Please output all the entries word for word, without the pictures.
========================================================================
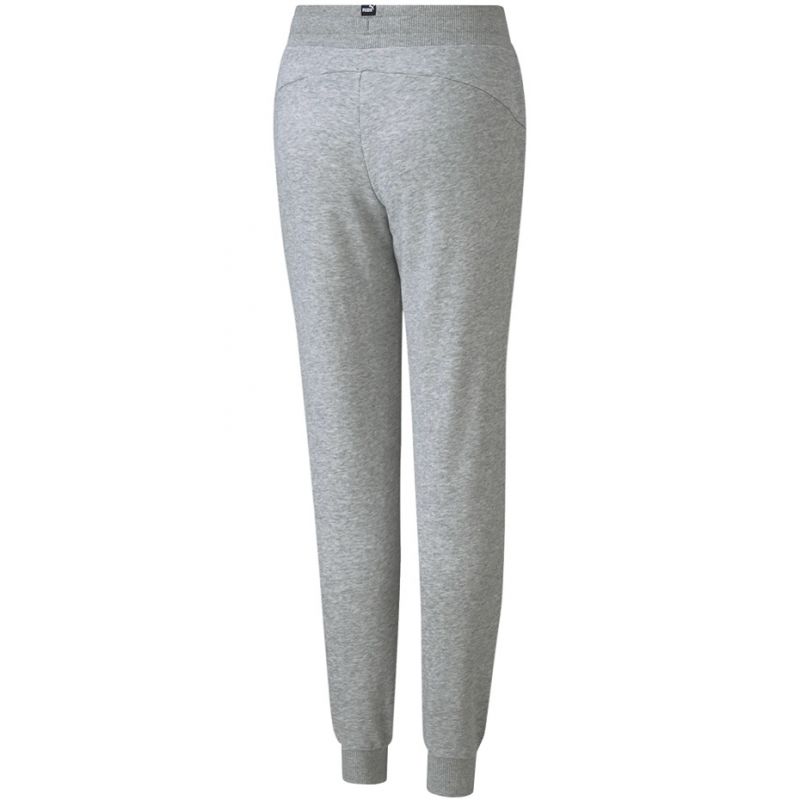 Tepláky Puma ESS Sweatpants TR Jr 587037 04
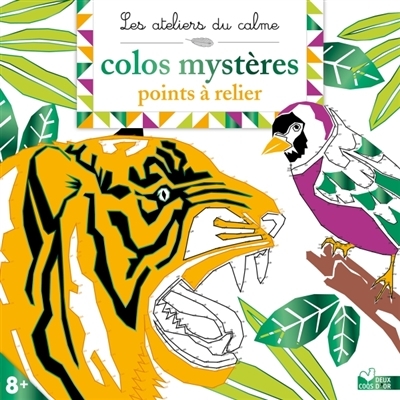 Colos mystères | 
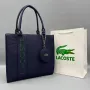 чанти lacoste , снимка 2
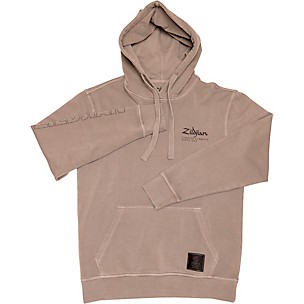 Zildjian Limited-Edition Cotton Hoodie -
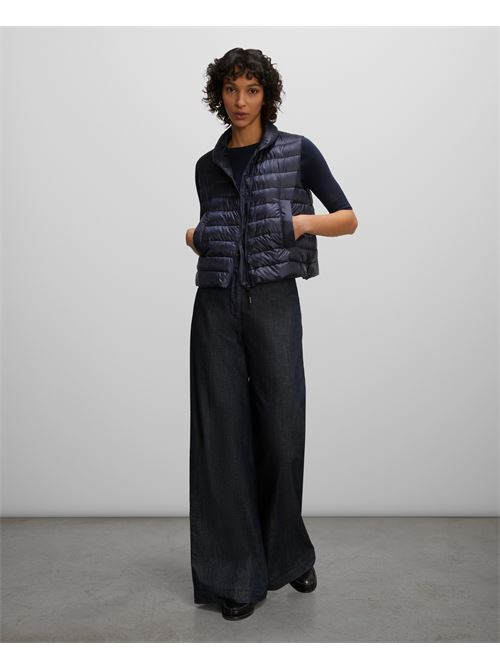 GILET IN POLIESTERE RIPSTOP ASPESI | N435E0418511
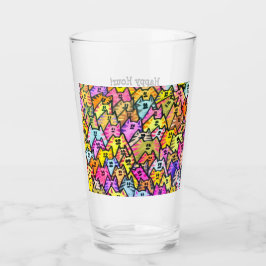 Glas 021 - CATS - Happy Hour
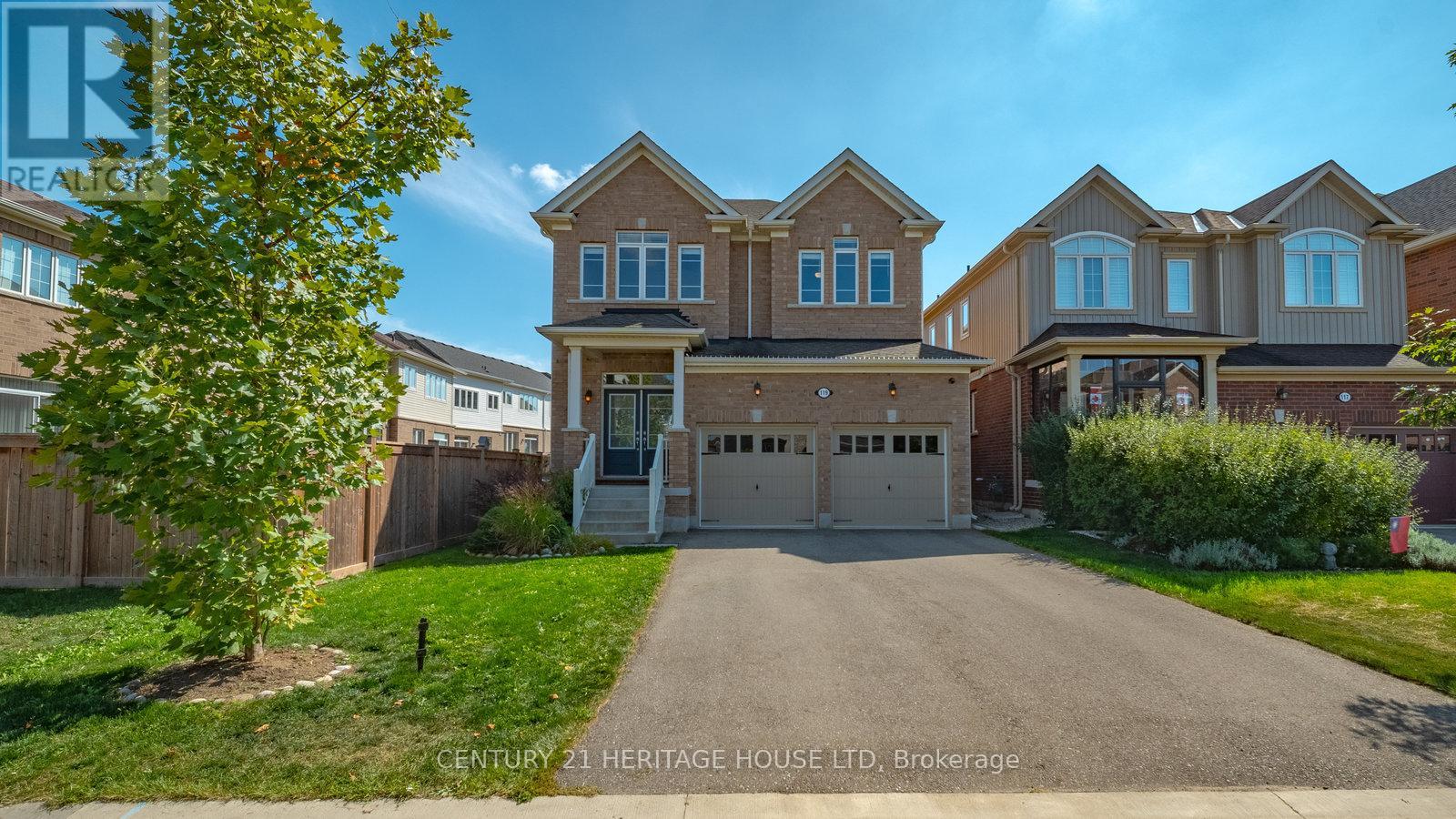 119 Barlow Place, Brant (Paris), Ontario  N3L 0G8 - Photo 36 - X12427765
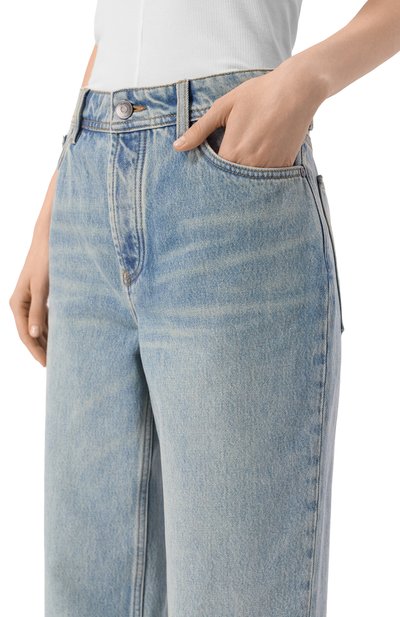 Джинсы straight 323 12 STOREEZ, арт. 135935, фото 5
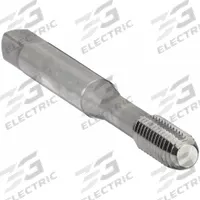 OSG Thread Forming Tap: M3.5x0.6 Metric, D4 / 6H, Modified Bottoming Chamfer, Cobalt (MPN 1410102000)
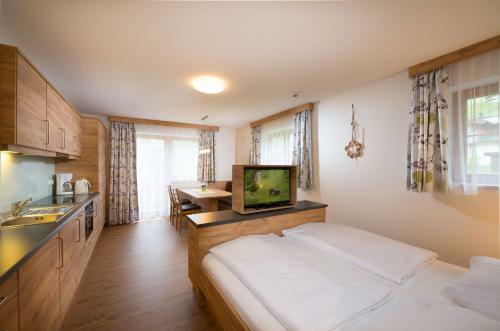 Hostal Landhaus Huber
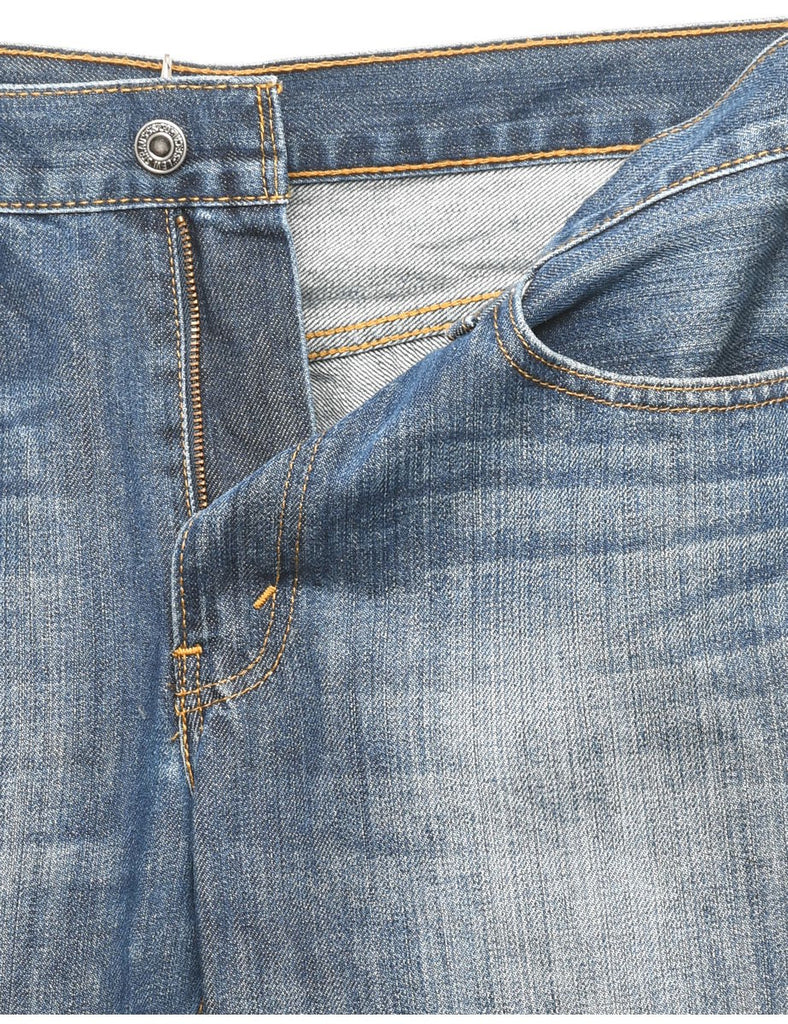 511's Fit Levi's Jeans - W34 L31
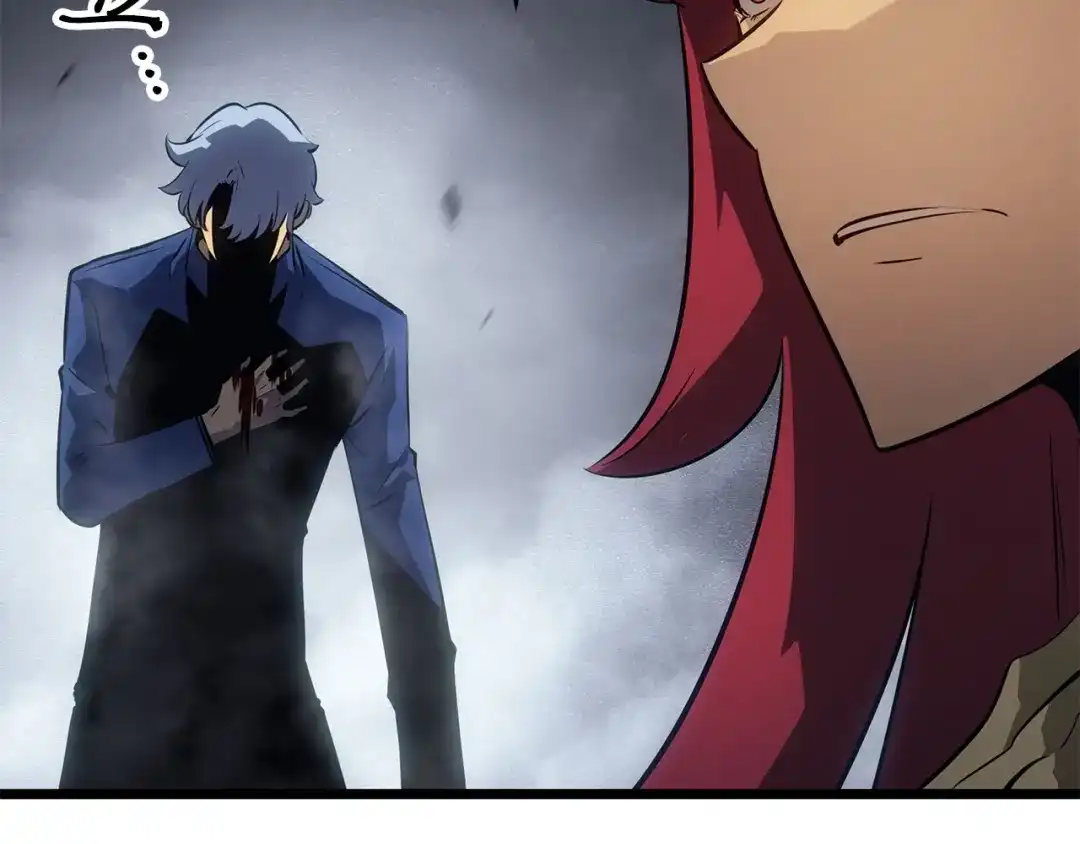 我独自升级 : 诸神黄昏 - 第37话 - 第250张图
========================================================================
SOLUTION TO THIS PROBLEM:
 Tepláky Puma ESS Sweatpants TR Jr 587037 04
 Colos mystères | 
 чанти lacoste , снимка 2
 Zildjian Limited-Edition Cotton Hoodie -
 GILET IN POLIESTERE RIPSTOP ASPESI | N435E0418511
 Glas 021 - CATS - Happy Hour
 119 Barlow Place, Brant (Paris), Ontario  N3L 0G8 - Photo 36 - X12427765
 Джинсы straight 323 12 STOREEZ, арт. 135935, фото 5
 OSG Thread Forming Tap: M3.5x0.6 Metric, D4 / 6H, Modified Bottoming Chamfer, Cobalt (MPN 1410102000)
 Hostal Landhaus Huber
 511's Fit Levi's Jeans - W34 L31
 我独自升级 : 诸神黄昏 - 第37话 - 第250张图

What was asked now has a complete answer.